● **REQUIREMENT**
Your answer should be the exact lines of the data below from the one containing "التهاب عصب الأسنان" through the one containing "Diş diş diş hekimliği modeli"; please include nothing else.

******

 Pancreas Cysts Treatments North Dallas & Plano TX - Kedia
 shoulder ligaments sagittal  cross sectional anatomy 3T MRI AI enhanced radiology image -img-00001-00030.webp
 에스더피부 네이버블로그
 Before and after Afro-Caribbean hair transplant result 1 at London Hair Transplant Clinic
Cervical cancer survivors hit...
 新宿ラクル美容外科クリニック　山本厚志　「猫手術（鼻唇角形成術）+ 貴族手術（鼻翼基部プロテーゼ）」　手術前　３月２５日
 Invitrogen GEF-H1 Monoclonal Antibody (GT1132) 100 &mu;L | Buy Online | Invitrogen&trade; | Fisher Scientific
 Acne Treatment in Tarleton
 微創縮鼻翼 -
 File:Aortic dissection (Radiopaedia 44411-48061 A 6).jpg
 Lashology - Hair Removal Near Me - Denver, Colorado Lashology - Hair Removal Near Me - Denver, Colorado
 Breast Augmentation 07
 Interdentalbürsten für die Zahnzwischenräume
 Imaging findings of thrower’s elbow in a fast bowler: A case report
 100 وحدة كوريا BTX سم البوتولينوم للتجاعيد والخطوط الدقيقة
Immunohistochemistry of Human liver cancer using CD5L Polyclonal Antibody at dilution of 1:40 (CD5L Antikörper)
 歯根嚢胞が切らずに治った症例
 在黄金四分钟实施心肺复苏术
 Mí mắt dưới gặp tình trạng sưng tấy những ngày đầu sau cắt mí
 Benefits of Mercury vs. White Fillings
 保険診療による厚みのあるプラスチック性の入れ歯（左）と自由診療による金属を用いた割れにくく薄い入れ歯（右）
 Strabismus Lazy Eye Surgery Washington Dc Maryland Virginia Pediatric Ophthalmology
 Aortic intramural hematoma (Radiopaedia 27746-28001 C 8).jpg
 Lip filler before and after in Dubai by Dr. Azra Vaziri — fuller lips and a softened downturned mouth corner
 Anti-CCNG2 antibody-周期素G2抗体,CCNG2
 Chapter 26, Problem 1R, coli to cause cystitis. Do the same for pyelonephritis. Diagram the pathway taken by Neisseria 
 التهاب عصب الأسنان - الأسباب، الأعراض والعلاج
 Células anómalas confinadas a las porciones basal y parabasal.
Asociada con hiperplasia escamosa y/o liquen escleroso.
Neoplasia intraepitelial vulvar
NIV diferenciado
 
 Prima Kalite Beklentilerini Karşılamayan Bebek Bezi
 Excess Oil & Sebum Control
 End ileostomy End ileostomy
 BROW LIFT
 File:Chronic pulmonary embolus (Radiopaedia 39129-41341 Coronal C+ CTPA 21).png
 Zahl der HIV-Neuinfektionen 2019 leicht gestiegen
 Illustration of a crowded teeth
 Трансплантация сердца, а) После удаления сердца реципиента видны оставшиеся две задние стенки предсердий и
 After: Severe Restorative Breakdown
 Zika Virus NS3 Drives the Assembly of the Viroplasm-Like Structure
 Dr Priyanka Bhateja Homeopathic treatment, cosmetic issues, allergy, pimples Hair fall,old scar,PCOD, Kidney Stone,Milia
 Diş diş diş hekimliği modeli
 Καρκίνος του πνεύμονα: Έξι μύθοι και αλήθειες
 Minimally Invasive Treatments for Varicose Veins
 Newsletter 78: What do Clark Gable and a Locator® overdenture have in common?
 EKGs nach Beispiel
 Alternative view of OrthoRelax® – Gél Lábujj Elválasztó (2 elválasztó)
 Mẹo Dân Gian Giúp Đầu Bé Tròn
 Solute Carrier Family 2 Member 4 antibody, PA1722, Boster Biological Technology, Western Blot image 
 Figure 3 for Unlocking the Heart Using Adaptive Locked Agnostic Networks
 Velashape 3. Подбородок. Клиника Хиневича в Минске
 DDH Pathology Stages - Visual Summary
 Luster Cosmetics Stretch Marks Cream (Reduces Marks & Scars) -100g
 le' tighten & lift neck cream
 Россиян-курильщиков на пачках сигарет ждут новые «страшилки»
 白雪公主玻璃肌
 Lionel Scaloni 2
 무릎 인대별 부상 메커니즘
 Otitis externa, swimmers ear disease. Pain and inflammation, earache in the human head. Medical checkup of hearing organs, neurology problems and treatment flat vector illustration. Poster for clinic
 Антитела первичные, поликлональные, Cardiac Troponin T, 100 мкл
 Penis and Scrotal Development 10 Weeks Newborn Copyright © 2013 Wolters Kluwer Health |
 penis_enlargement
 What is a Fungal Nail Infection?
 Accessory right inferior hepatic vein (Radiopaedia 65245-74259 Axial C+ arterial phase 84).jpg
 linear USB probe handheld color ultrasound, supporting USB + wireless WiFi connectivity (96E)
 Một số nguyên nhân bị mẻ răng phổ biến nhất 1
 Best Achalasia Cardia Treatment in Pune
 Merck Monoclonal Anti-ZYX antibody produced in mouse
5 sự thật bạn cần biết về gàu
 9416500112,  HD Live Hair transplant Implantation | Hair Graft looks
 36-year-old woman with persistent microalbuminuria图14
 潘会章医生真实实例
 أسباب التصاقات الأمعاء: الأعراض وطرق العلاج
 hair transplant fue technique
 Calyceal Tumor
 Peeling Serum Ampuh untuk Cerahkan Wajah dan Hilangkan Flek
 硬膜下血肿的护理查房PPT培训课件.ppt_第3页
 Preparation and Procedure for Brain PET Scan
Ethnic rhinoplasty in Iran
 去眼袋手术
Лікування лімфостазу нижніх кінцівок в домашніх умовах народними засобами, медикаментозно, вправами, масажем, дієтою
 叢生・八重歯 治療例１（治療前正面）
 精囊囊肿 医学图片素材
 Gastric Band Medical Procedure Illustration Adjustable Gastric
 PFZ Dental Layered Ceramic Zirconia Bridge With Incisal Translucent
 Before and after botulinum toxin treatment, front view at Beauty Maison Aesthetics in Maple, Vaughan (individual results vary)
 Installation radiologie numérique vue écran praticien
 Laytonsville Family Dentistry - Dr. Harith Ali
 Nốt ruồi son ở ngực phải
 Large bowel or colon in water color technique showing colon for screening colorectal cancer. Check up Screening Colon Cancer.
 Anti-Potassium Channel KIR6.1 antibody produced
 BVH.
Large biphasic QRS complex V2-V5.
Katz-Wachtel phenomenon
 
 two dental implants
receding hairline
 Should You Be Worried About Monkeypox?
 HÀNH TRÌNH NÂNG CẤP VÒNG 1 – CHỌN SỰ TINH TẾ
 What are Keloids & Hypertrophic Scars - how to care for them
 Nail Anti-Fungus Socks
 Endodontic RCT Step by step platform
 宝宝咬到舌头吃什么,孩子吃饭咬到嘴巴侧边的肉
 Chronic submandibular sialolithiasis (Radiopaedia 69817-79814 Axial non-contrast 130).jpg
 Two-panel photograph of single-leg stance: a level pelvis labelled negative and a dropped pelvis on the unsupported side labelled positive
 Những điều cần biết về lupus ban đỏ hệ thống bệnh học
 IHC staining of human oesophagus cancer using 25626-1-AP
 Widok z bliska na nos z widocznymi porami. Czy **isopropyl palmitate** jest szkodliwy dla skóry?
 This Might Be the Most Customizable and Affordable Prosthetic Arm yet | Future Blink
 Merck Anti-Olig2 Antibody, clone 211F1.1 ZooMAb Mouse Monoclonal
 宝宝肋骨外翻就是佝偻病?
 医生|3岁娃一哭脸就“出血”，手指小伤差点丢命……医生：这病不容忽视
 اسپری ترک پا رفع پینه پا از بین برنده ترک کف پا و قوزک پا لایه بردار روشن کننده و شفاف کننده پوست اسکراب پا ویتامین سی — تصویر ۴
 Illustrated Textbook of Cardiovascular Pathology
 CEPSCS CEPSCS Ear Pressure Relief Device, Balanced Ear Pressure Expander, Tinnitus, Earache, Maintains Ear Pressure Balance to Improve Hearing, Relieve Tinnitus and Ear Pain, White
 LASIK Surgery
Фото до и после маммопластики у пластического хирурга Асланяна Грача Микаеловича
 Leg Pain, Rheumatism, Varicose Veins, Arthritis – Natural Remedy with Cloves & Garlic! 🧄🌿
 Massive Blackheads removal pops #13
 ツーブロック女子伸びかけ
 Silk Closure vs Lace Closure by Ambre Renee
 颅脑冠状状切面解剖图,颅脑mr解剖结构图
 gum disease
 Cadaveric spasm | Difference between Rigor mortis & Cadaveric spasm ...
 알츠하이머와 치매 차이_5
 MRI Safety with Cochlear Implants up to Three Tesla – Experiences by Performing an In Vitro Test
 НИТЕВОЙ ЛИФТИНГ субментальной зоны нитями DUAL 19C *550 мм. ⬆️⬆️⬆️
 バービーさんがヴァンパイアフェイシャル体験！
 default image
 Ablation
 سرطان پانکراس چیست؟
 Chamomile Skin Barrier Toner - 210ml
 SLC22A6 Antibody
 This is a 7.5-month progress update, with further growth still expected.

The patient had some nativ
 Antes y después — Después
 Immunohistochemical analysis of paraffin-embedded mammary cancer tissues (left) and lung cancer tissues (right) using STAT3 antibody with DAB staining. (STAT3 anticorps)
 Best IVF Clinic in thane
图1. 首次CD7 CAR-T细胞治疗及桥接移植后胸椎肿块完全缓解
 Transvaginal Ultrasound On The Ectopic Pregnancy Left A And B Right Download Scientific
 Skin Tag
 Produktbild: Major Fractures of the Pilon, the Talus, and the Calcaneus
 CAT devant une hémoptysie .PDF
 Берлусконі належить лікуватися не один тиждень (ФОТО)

******

● **WRITTEN ANSWER**
 التهاب عصب الأسنان - الأسباب، الأعراض والعلاج
 Células anómalas confinadas a las porciones basal y parabasal.
Asociada con hiperplasia escamosa y/o liquen escleroso.
Neoplasia intraepitelial vulvar
NIV diferenciado
 
 Prima Kalite Beklentilerini Karşılamayan Bebek Bezi
 Excess Oil & Sebum Control
 End ileostomy End ileostomy
 BROW LIFT
 File:Chronic pulmonary embolus (Radiopaedia 39129-41341 Coronal C+ CTPA 21).png
 Zahl der HIV-Neuinfektionen 2019 leicht gestiegen
 Illustration of a crowded teeth
 Трансплантация сердца, а) После удаления сердца реципиента видны оставшиеся две задние стенки предсердий и
 After: Severe Restorative Breakdown
 Zika Virus NS3 Drives the Assembly of the Viroplasm-Like Structure
 Dr Priyanka Bhateja Homeopathic treatment, cosmetic issues, allergy, pimples Hair fall,old scar,PCOD, Kidney Stone,Milia
 Diş diş diş hekimliği modeli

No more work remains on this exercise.